This project enables real-time object detection on a livestream from Meta Ray-Ban AI Glasses using YOLOv8 Nano on a Mac M1. The glasses stream video to Instagram, which is then captured and processed on the Mac to identify objects in the user's field of view. Originally intended to assist with Arduino projects by identifying components, the current focus is on the vision system, with potential for future expansion.
# Clone with HTTPS
git clone /~https://github.com/ghsaboias/glasses-ai.git
# Or clone with SSH
git clone git@github.com:ghsaboias/glasses-ai.git
cd glasses-ai
- Project Overview
- Requirements
- Setup Instructions
- Usage
- Technical Details
- Troubleshooting
- Future Improvements
The goal of this project is to create a real-time AI assistant that processes the livestream from Meta Ray-Ban AI Glasses to help identify objects or components (e.g., Arduino parts) in the user's environment. The glasses livestream to Instagram, and the video feed is captured and analyzed on a Mac M1 using YOLOv8 Nano for object detection. This setup leverages the glasses' camera and the Mac's processing power to provide real-time visual feedback.
- Meta Ray-Ban AI Glasses
- Mac M1 with 8GB RAM (or similar)
- Dual monitors (optional, but instructions include dual-monitor configuration)
- Python 3.8+
- uv (Python package manager)
- Packages:
- ultralytics
- opencv-python
- numpy
- mss
Make sure you have Python 3.8+ and uv installed, then:
# Clone and enter the repository
git clone /~https://github.com/ghsaboias/glasses-ai.git
cd glasses-ai
# Create and activate virtual environment
uv venv
source .venv/bin/activate
# Install dependencies
uv pip install -r requirements.txt
- Pair your Meta Ray-Ban AI Glasses with the Meta View app on your phone
- Set up a private Instagram account for streaming
- Start the livestream from the glasses using the voice command: "Hey Meta, start livestream"
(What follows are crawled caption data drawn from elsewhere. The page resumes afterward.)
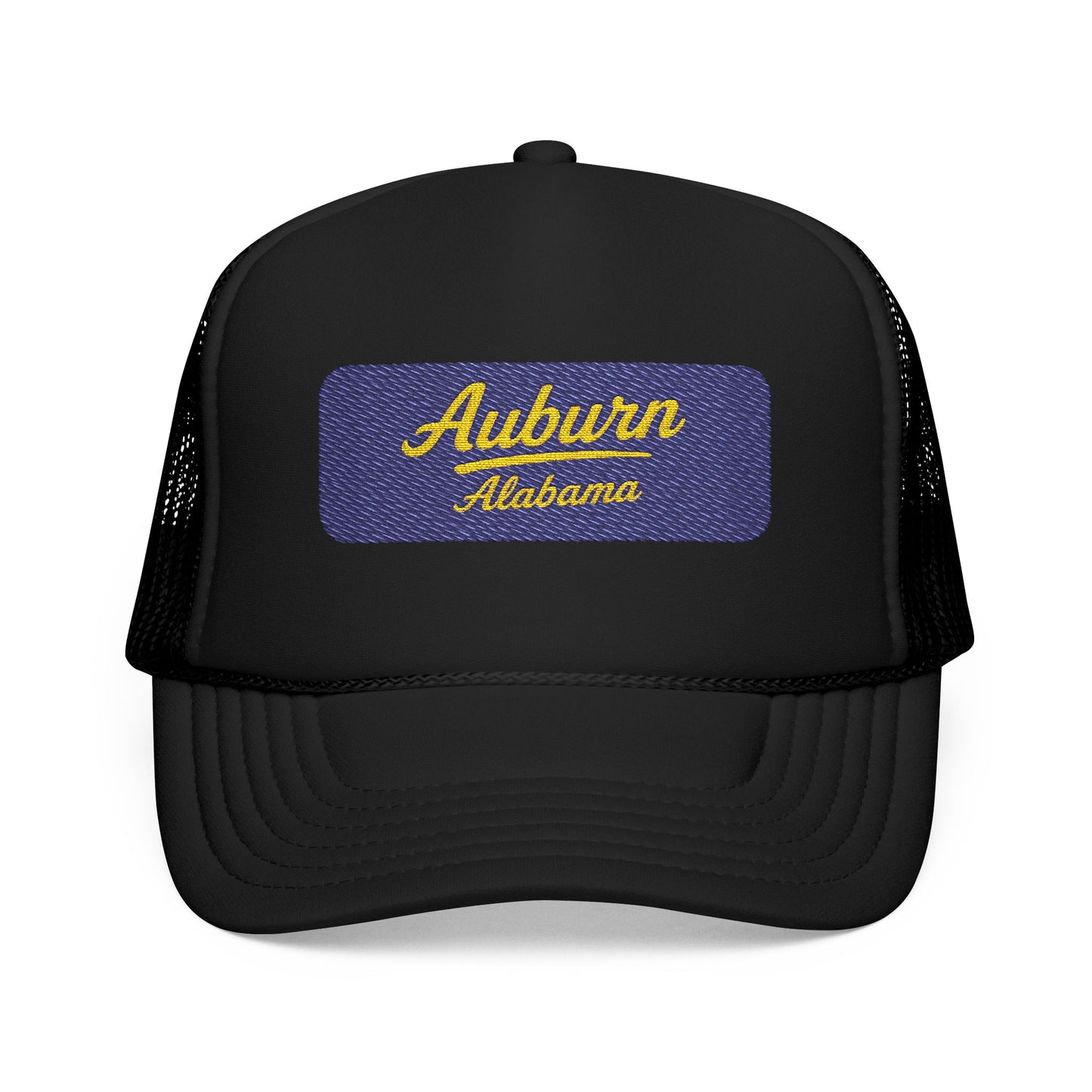 Auburn, Alabama Embroidered Foam Trucker Hat
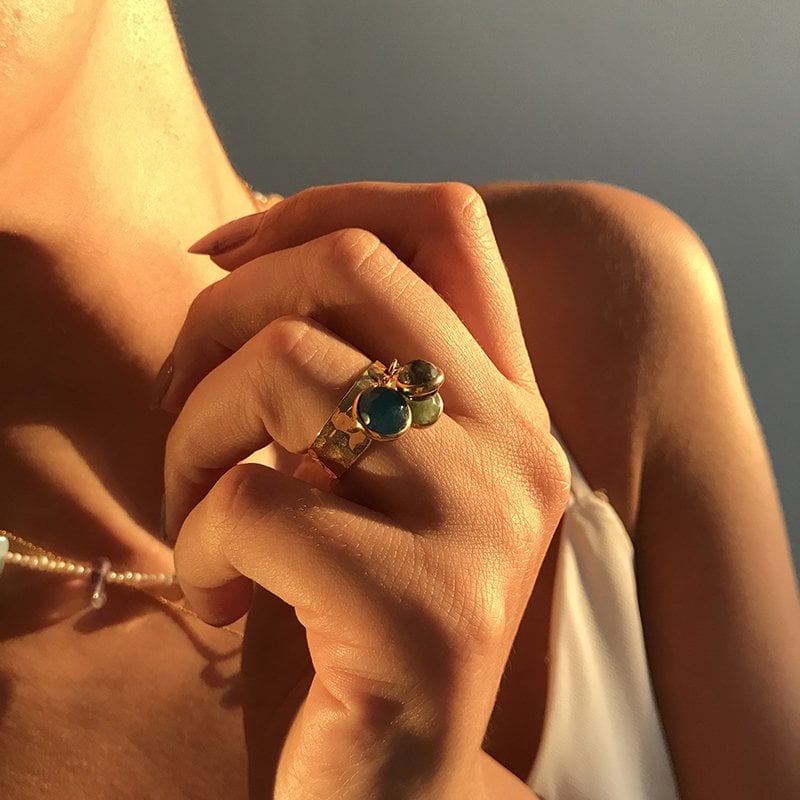 Cosmos'un Küreleri 3'lü Aventurin Yüzük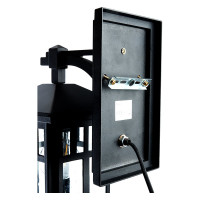 Садово-парковый светильник FERON PL671 на стену вниз 60W 230V E27, черный 11689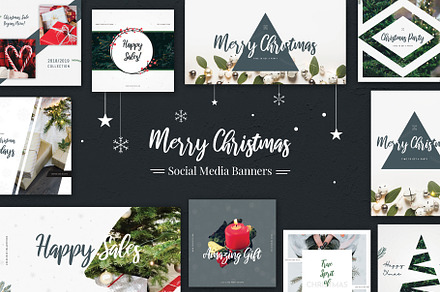 Christmas Social Media Banners, a Social Media Template by VictorThemes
- Open a browser (e.g., Chrome, Safari) and log into the private Instagram account
- Ensure the livestream video is visible. If using Brave, you may need to disable Shields or switch browsers if video fails to display
Use mss to capture the livestream window on your screen.
For dual-monitor setups, identify the correct monitor and coordinates:
- Primary monitor: 1440x900 (left)
- Extended monitor: 2560x1080 (right)
- Livestream was on the right half of the extended monitor
Use a test script to verify the capture area:
import cv2
from mss import mss
import numpy as np
sct = mss()
monitor = {"top": 0, "left": 2780, "width": 320, "height": 320} # Adjust based on your setup
while True:
screenshot = sct.grab(monitor)
frame = np.array(screenshot)
frame = cv2.cvtColor(frame, cv2.COLOR_RGBA2BGR)
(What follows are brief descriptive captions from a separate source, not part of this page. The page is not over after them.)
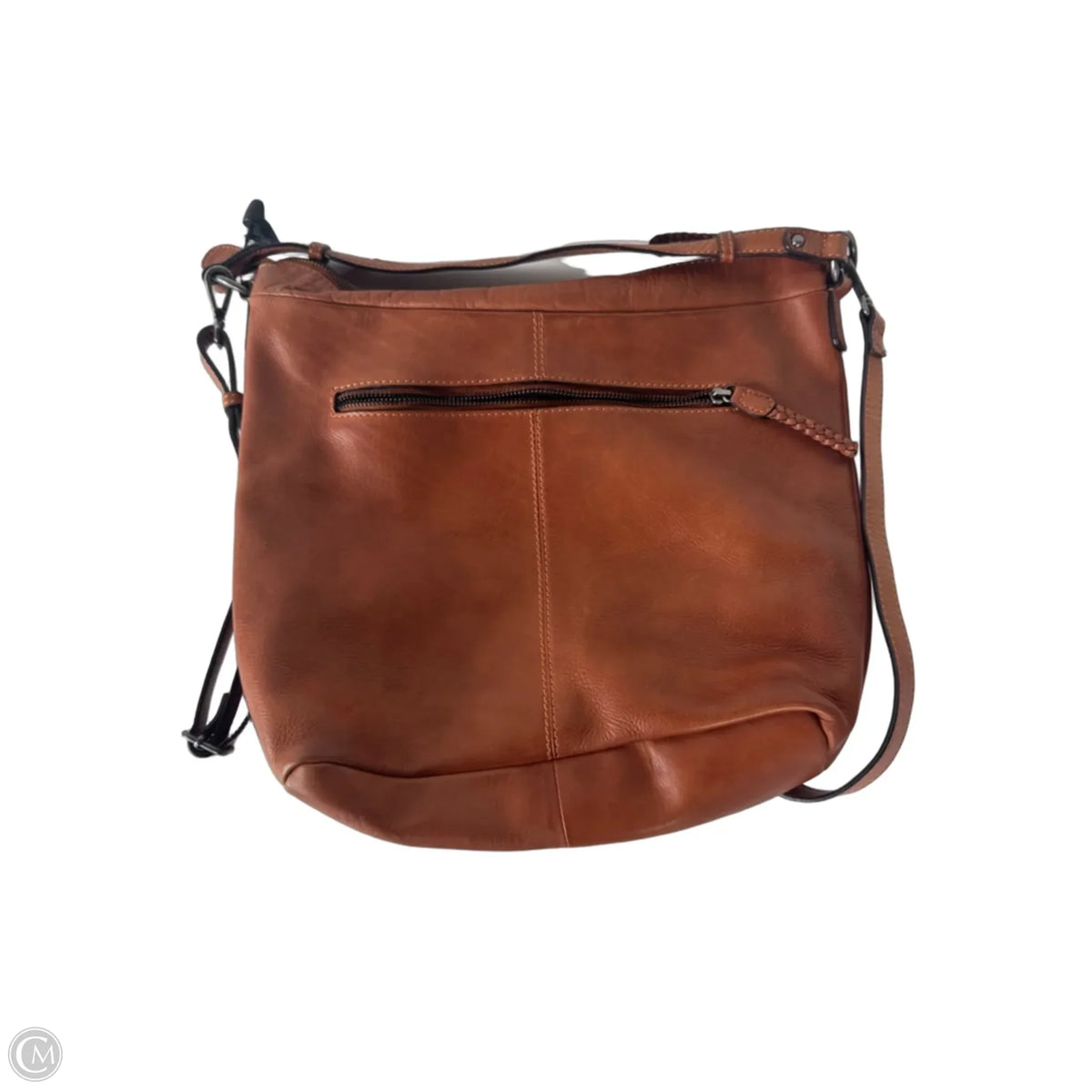Crossbody Leather By Clothes Mentor, Size: Large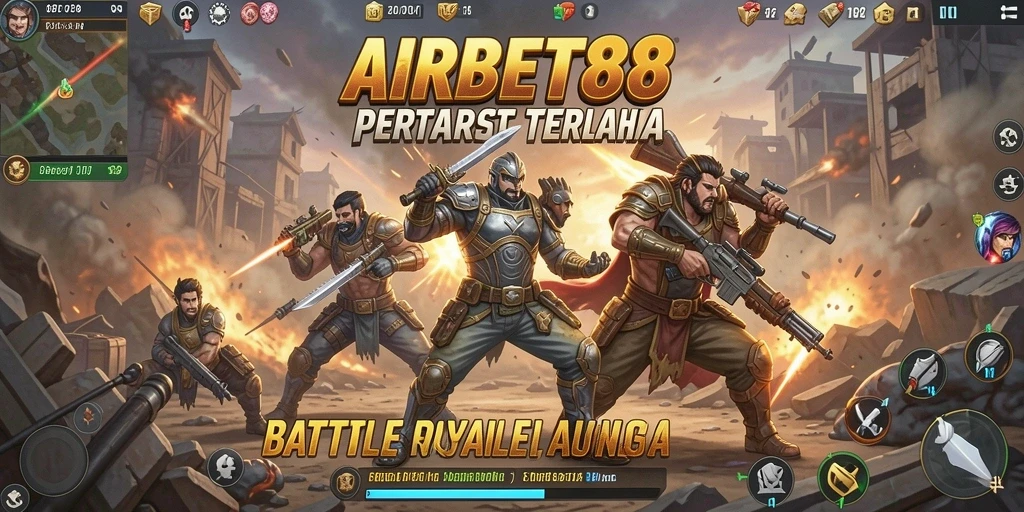 Gameplay seru dalam pertarungan Battle Royale yang mendebarkan.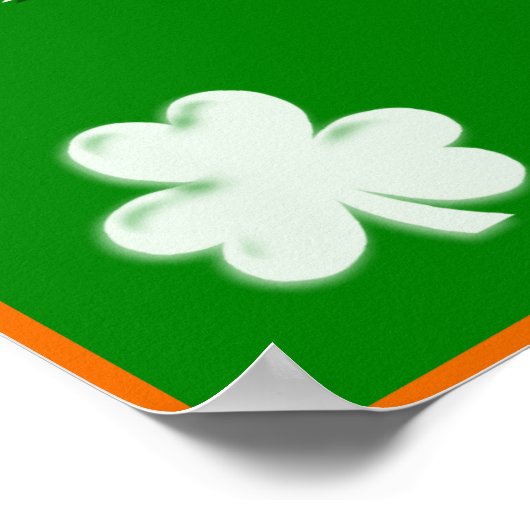 Irish Proverb Print Poster (Ecke)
cv2.imshow("Test Capture", frame)
if cv2.waitKey(1) & 0xFF == ord("q"):
break
cv2.destroyAllWindows()
Adjust the monitor coordinates until the livestream is fully captured in the test window.
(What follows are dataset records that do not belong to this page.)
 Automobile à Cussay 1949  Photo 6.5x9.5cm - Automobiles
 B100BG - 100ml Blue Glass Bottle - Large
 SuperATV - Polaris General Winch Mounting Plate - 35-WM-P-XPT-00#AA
Create a script (e.g., detect_live.py
) with the following code:
import cv2
import numpy as np
from ultralytics import YOLO
from mss import mss
import time
model = YOLO("yolov8n.pt")
sct = mss()
monitor = {"top": 0, "left": 2780, "width": 320, "height": 320} # Update with your coordinates
frame_skip = 2
count = 0
last_annotated_frame = None
while True:
screenshot = sct.grab(monitor)
frame = np.array(screenshot)
frame = cv2.cvtColor(frame, cv2.COLOR_RGBA2BGR)
if count % frame_skip == 0:
results = model(frame, conf=0.4, device='mps')
annotated_frame = results[0].plot()
last_annotated_frame = annotated_frame
else:
annotated_frame = last_annotated_frame if last_annotated_frame is not None else frame
cv2.imshow("YOLOv8 Live Detection", annotated_frame)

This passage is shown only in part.